来たことがあるという方、それはどこへ、何を目的にいらっしゃいましたか?
おそらく、ほとんどの方が「富士山とその周辺へ」と言うのではないでしょうか?
そう、山梨といったらやはり富士山。
特に近年は世界遺産に登録され、また羽田から直通の電車も通り、東京方面からいらっしゃる方にとっては立地的にも来やすく、魅力的な場所となりました。
県内では、富士山がある地域を「郡内(ぐんない)」と呼び、県庁所在地である甲府市周辺を「国中(くになか)」と呼んでいます。
おもしろいことに、この二つの地方は、同じ山梨県内にあるにも関わらず、気候や環境はもちろん、文化的にも大きく異なる箇所が多くあります。
それもそのはず。その地域の間には、大きな山が横たわり、今でこそ、車での移動が可能となりましたが、長らくは交流も途絶えていたのではないかと思います。
さて、そんな郡内地方は、富士山を中心とした観光産業に力を入れており、休日ともなれば多くの観光客で賑わう街となります。
しかし、ですよ、皆さん、忘れてはいませんか? 山梨県といえば、そう、桃やぶどうです。特に桃の生産量では全国一で、果樹大国を名乗るにふさわしい県となっています。
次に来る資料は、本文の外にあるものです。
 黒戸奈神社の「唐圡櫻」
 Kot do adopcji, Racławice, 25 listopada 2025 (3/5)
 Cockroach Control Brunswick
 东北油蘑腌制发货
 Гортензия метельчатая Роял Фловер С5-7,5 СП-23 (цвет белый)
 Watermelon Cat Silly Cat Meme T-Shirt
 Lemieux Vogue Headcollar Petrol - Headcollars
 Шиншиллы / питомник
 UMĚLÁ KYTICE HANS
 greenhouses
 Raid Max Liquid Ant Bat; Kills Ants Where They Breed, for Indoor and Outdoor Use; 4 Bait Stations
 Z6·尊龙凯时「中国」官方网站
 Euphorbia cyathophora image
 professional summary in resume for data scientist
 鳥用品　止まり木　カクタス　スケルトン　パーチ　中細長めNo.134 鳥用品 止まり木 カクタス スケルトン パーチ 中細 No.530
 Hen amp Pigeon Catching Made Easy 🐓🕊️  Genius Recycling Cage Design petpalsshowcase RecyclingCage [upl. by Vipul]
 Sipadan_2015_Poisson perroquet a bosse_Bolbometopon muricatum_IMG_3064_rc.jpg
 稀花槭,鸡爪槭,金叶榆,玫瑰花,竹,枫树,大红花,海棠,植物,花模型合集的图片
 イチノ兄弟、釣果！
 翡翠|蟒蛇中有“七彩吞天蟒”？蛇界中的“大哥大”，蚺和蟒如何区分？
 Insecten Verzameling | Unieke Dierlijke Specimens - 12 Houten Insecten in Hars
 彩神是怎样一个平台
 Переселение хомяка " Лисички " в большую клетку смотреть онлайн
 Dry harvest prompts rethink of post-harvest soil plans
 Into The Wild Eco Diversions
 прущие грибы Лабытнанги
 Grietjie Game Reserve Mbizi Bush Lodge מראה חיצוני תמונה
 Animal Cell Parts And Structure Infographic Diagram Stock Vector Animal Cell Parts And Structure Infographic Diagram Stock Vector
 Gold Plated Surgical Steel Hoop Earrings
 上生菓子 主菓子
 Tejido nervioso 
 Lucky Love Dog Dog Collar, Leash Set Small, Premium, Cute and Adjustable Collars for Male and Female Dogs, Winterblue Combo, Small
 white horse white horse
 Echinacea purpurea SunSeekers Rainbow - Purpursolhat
ところが、郡内地方は、あの通りの気候です。すなわち夏は涼しくてよいのですが、冬は雪国もかくや、とばかりの寒冷地となります。そもそも郡内地方は、標高がかなり高いのですから。
そういうところですから、河口湖を中心とした観光地は、作物が多くは採れず、いわんや果樹園などは、国中地方に集中しているのです。
その代わり、小麦などの穀類は育つため、「吉田うどん」というコシの強いうどんが生まれたのです。
何が言いたいかというと、皆さん、山梨県を富士山だけ満喫して帰るのではもったいない!
確かに国中地方は、東京から行くと富士山より先です。乗り換えの「大月」を過ぎて小一時間ほど電車に揺られなければなりません。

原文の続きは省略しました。